**About this task**
Return the lines of the data below starting at the one holding "Thấy gì từ vụ" and ending at the one holding "Photo 5 VIN: WAUZZZ8V9JA121992", word for word, leaving every picture out.
─── Dataset extract ───
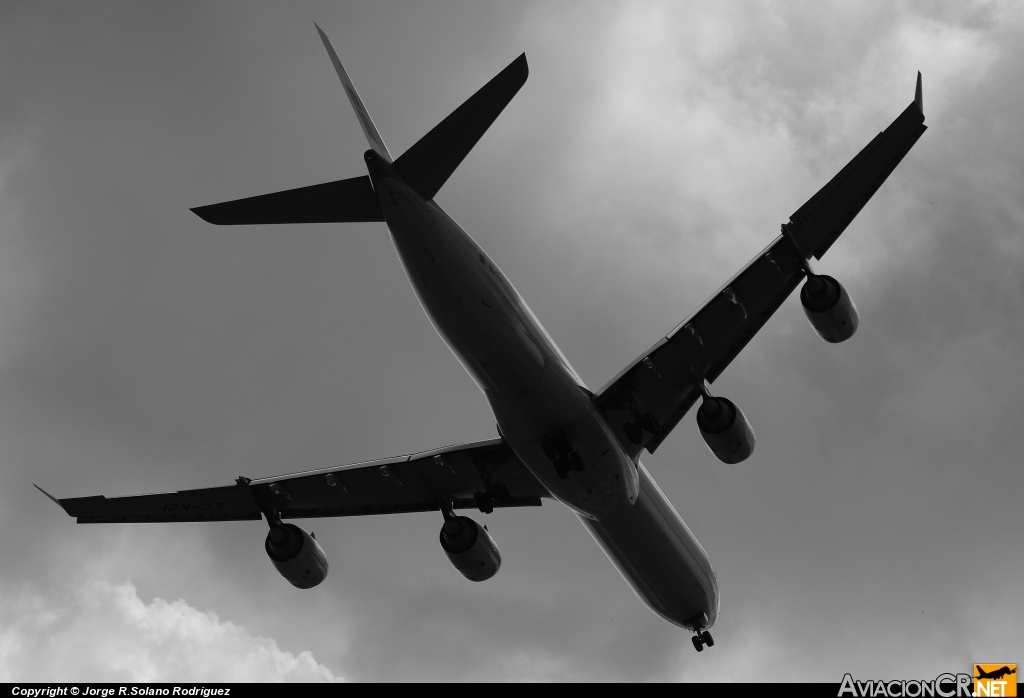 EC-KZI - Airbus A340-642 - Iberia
───
─── Dataset extract ───
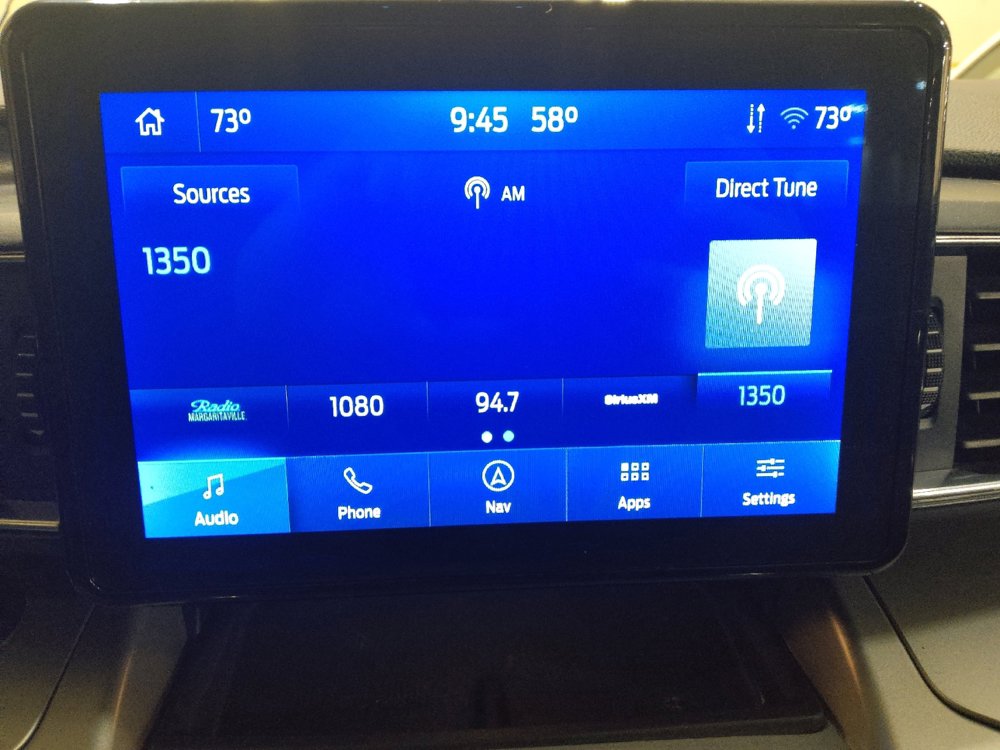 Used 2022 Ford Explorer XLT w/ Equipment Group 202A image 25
───
─── Dataset extract ───
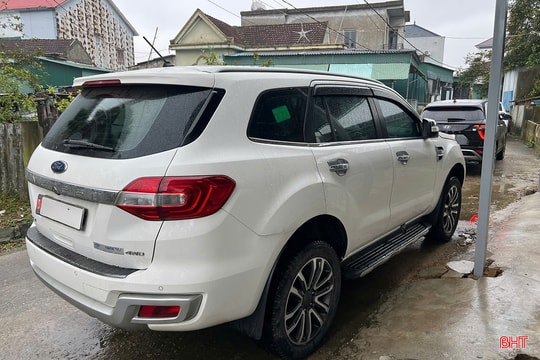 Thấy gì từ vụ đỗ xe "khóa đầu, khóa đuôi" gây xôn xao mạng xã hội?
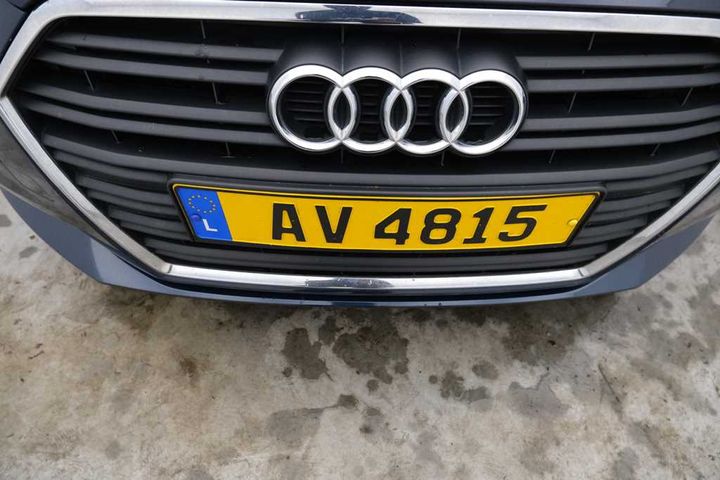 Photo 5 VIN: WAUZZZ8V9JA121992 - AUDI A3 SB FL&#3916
───
**Answer box**
 Thấy gì từ vụ đỗ xe "khóa đầu, khóa đuôi" gây xôn xao mạng xã hội?
 Photo 5 VIN: WAUZZZ8V9JA121992 - AUDI A3 SB FL&#3916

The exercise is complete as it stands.